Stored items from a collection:
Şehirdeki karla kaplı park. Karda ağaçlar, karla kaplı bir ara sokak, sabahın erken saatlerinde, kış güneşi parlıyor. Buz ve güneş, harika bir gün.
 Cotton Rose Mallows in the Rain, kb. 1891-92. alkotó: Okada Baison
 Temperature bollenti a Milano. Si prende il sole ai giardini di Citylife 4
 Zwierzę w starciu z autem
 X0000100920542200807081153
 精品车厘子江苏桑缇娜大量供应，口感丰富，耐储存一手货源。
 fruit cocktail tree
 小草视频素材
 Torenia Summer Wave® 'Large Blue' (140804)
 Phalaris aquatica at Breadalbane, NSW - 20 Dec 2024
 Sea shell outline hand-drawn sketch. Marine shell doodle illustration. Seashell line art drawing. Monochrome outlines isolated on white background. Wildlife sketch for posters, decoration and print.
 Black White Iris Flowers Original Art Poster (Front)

WHAT IS NEEDED:
Each line above is to be set down again verbatim.

YOUR SOLUTION:
Şehirdeki karla kaplı park. Karda ağaçlar, karla kaplı bir ara sokak, sabahın erken saatlerinde, kış güneşi parlıyor. Buz ve güneş, harika bir gün.
 Cotton Rose Mallows in the Rain, kb. 1891-92. alkotó: Okada Baison
 Temperature bollenti a Milano. Si prende il sole ai giardini di Citylife 4
 Zwierzę w starciu z autem
 X0000100920542200807081153
 精品车厘子江苏桑缇娜大量供应，口感丰富，耐储存一手货源。
 fruit cocktail tree
 小草视频素材
 Torenia Summer Wave® 'Large Blue' (140804)
 Phalaris aquatica at Breadalbane, NSW - 20 Dec 2024
 Sea shell outline hand-drawn sketch. Marine shell doodle illustration. Seashell line art drawing. Monochrome outlines isolated on white background. Wildlife sketch for posters, decoration and print.
 Black White Iris Flowers Original Art Poster (Front)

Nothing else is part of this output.